How does this quarter compare to previous quarters?

Q1 2026 revenue of $339.71M declined from Q4 2025’s $364.33M and Q1 2025’s $346.63M. EPS of $0.54 slightly decreased from prior quarter’s $0.53. The trend suggests softening demand or project timing variations in Philippine real estate.

Why did MGAWY stock decline after earnings?

The stock fell 0.64% following the earnings release, likely due to sequential revenue and EPS declines. The company’s weak five-year performance (-43.98%) and low valuation multiples suggest investor skepticism about growth prospects and market conditions.

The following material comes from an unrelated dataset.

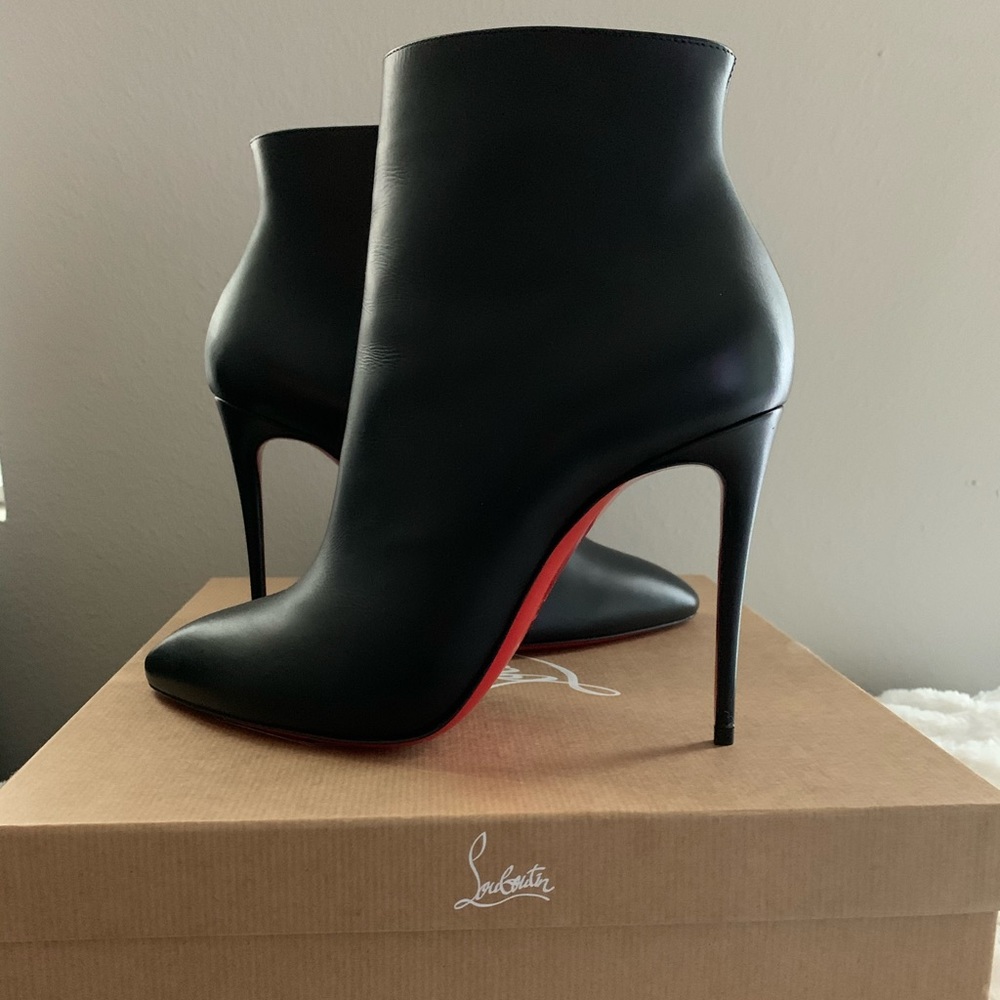 Christian Louboutin Eloise booty 100mm heel size39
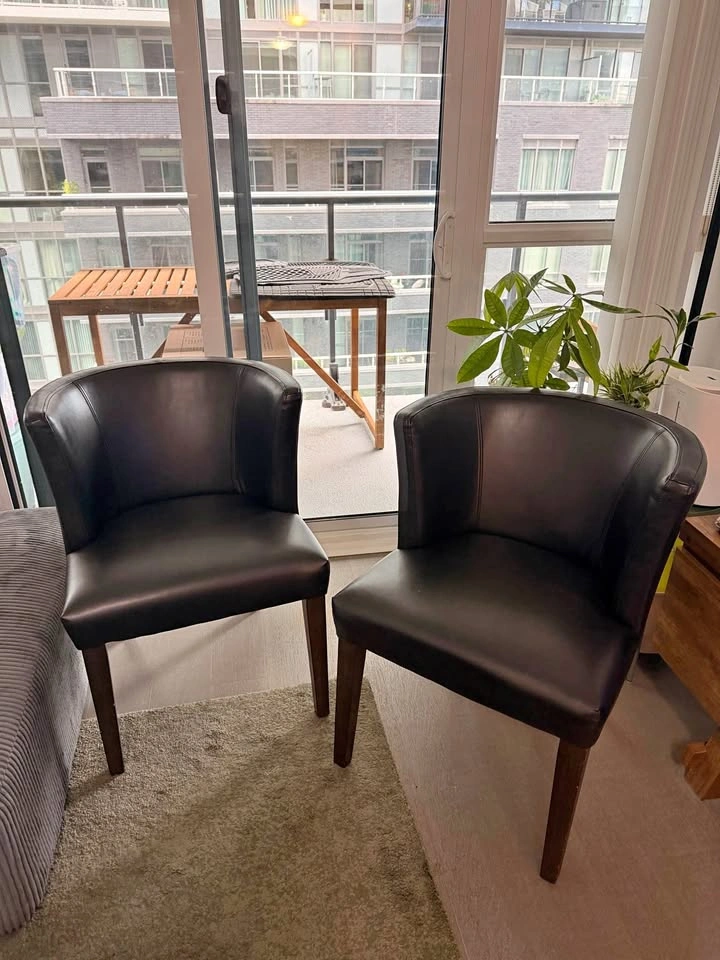 Set of 2 Black Accent Chairs – Great Condition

What is Meyka AI’s rating for Megaworld?

Meyka AI rates MGAWY with a B+ grade, reflecting neutral sentiment. The rating acknowledges strong balance sheet metrics and 4.81% dividend yield but highlights concerns about modest ROE (8.04%), limited growth, and valuation risks in the Philippine real estate sector.

Is Megaworld a good investment at current prices?

MGAWY trades at extremely low multiples (PE 3.23, price-to-book 0.25), offering potential value. However, sequential revenue decline, weak five-year performance, and modest earnings growth warrant caution. The B+ rating suggests neutral positioning pending clearer growth signals.

Disclaimer:

Stock markets involve risks. This content is for informational purposes only. Earnings estimates are analyst projections and not guarantees of actual results. Past performance does not guarantee future results. Meyka AI PTY LTD provides market analysis and data insights, not financial advice. Always conduct your own research and consider consulting a licensed financial advisor.